Topic Not Found

Why this matters

Incremental loads let you move only what changed since the last run. That makes pipelines faster, cheaper, and more reliable. Watermarks are the simple, durable way to remember how far you got.

Keep data fresh on tight SLAs without reloading everything.
Reduce cloud costs and API rate usage.
Recover gracefully from failures by resuming from the last checkpoint.

Concept explained simply

Incremental load = process only new or changed records since the last successful run. A watermark is a stored checkpoint, like the maximum updated_at, last processed ID, or last page token.

Key definition

Watermark: a persisted value representing the highest change you have safely processed (e.g., max event time, max sequence number, or a durable token). After each successful run, you update it.

Mental model

Imagine a river rising. Your watermark is the paint mark on a pier showing the highest level reached. On the next inspection, you only need to look above that mark. To be safe, you might glance a little below the mark (a lookback window) to catch any late splashes.
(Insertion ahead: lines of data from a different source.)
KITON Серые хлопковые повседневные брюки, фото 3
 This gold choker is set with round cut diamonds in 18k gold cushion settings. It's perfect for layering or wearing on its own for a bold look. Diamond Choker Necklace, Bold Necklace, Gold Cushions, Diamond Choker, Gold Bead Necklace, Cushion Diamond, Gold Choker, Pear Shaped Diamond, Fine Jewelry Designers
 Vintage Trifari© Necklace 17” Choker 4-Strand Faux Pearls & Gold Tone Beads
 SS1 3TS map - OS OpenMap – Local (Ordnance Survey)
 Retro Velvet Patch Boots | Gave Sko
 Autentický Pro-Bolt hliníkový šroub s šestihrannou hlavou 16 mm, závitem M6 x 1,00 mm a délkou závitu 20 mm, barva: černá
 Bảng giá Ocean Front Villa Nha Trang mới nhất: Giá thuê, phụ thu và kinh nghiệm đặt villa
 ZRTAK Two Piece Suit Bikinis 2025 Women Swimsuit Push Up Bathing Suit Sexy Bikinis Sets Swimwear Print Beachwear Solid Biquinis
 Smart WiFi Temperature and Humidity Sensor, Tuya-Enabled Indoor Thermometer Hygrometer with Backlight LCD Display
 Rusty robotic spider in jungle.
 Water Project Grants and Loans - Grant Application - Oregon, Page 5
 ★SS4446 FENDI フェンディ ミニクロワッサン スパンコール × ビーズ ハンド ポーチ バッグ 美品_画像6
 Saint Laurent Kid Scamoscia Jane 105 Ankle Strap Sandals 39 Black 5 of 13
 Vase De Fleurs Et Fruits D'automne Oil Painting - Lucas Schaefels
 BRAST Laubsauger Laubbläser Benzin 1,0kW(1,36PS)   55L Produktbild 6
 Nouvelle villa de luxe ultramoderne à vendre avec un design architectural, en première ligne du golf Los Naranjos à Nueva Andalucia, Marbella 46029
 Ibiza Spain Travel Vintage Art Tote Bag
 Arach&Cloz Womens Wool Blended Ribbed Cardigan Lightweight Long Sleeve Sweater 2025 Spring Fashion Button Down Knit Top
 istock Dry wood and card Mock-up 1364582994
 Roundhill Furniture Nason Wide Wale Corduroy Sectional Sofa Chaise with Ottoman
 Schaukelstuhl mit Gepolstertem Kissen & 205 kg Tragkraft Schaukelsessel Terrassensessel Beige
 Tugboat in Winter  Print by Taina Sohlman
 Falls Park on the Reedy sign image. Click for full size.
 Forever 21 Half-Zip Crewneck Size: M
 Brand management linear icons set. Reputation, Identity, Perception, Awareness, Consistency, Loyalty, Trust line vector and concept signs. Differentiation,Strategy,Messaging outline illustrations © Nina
Core patterns you will use

Timestamp-based: query where updated_at > last_watermark (often with a small overlap/lookback).
Sequence/ID-based: use monotonically increasing IDs or change versions.
CDC-based: read change streams (insert/update/delete) and commit offsets.
File-based: track last processed partition/key and reconcile late files with a lookback over recent partitions.
Upserts (MERGE): idempotent writes so reprocessing doesn’t duplicate data.
Deduplication: use a stable key (e.g., source primary key + change version).
Deletes: handle tombstones or soft-delete flags; if not available, occasional full sync + diff.
Watermark storage: durable place (metadata table, checkpoint file) updated only after a successful load.

Worked examples

1) SQL source with updated_at

Goal: Load only rows changed since the last run, with idempotent upserts.

-- Assume we store watermark in control.watermarks table
-- last_watermark = '2025-06-01 10:00:00'
-- Use 5-minute lookback to catch late updates
WITH src AS (
  SELECT *
  FROM app.public.orders
  WHERE updated_at > (TIMESTAMP :last_watermark - INTERVAL '5 minutes')
),
ranked AS (
  -- Deduplicate by primary key keeping the latest version
  SELECT *, ROW_NUMBER() OVER (PARTITION BY order_id ORDER BY updated_at DESC) AS rn
  FROM src
)
MERGE INTO dw.orders t
USING (
  SELECT * FROM ranked WHERE rn = 1
) s
ON (t.order_id = s.order_id)
WHEN MATCHED THEN UPDATE SET
  status = s.status,
  amount = s.amount,
  updated_at = s.updated_at
WHEN NOT MATCHED THEN INSERT (order_id, status, amount, updated_at)
VALUES (s.order_id, s.status, s.amount, s.updated_at);

-- After a fully successful load, compute new_watermark
-- new_watermark = MAX(s.updated_at) from the processed set
-- Persist it to control.watermarks

Notes:

Lookback (overlap) protects against clock skew or slight delays.
Dedup + MERGE ensures idempotency.
Watermark is only advanced after success.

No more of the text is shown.